What’s the key to Klee?
To my mind Klee (1879-1940) was a great colourist and colour has always made a huge impact on me. 



He was a very measured artist, very very thorough – though when you first see his work you think he is (oddly) lyrical and light, and quite slight. In fact when he gets into something he’ll do it again and again and again really understanding it.  He’s actually quite a mathematical artist, which I really appreciate as I love the mix of art and science. Klee was exploring a whole system: take a look below at Fish Magic (1925, 77 x 98.3 cm oil and watercolour on canvas).



It’s his exploration of colour using squares and rectangles on other background colours that knocks me out as below with Lowlands (1932, 30 x 48 cm, watercolour on paper) ...
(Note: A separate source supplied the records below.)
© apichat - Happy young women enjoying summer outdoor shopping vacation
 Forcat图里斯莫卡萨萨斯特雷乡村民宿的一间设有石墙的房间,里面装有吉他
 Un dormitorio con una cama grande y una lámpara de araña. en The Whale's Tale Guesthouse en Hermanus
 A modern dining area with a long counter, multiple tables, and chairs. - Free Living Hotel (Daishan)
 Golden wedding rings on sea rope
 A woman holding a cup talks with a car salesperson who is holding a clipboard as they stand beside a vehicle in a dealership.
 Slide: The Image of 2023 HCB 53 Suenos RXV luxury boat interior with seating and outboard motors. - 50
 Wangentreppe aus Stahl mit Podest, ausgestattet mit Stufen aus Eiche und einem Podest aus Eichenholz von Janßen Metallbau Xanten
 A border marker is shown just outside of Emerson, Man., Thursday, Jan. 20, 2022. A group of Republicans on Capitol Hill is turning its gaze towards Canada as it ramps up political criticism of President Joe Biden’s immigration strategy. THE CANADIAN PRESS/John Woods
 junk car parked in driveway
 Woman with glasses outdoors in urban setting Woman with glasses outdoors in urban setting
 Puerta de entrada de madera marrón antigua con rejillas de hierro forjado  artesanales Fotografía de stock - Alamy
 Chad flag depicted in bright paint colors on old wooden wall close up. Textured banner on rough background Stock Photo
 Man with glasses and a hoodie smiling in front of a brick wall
Learning from a master of colour
The watercolour that impacted the most for me was Polyphony (1932, 66.5 x 106 cm) and on seeing it I knew I had to get home and work something up from this. In this work, he creates layers and layers of colour using a pattern of squares overlaid with different coloured dots.
It’s all about how colours are affected by the colours underneath them… how colour works and I’m tremendously interested in that. This piece made me think I want to do something like that, so I went to work when I got back to the studio.

Klee-coloured chest of drawers
The first thing I did was find a fairly modern chest of drawers that I could work with.
1. I painted the whole thing using Chalk Paint® in Paris Grey first for a good neutral background. 
2. I then ripped off various flaps from cardboard boxes and painted onto them. I used a limited number of colours from the Chalk Paint® range to keep the effect similar in tone (but not so similar that you couldn’t differentiate i.e. nothing very contrasty).
3. Next I printed (i.e. pressed) the cardboard squares onto the cabinet which gave a slightly uneven effect. The flaps of the cardboard boxes were a good size to cover fairly large areas (if the cardboard bits are too small it gets boring trying to cover a large area – so be bold use big!). 
4. Then when that was all printed (and using the same colours) I roughly applied paint onto some bubble wrap. 
5. Finally I pressed the ‘tips’ of the bubble wrap onto the surface of the chest of drawers to create the dot effects.

Be bold, be experimental
So basically you have two layers and yes it’s very messy, your hands are covered with paint and there are bits of used-up plastic and cardboards all over. 


I want to do more because now I’ve finished it I realise it was like a rough first draft and that’s fine because it’s interesting and unique and I am very pleased with it. But having done one experiment I can see other ways of doing it – just as Klee would have seen it – you don’t have to be perfect and precise and that’s what makes it so beautiful. So I’m going to try another one, perhaps this time with a more neutral finish all in greys, beiges and white. Watch out for more Paul Klee-inspired pieces!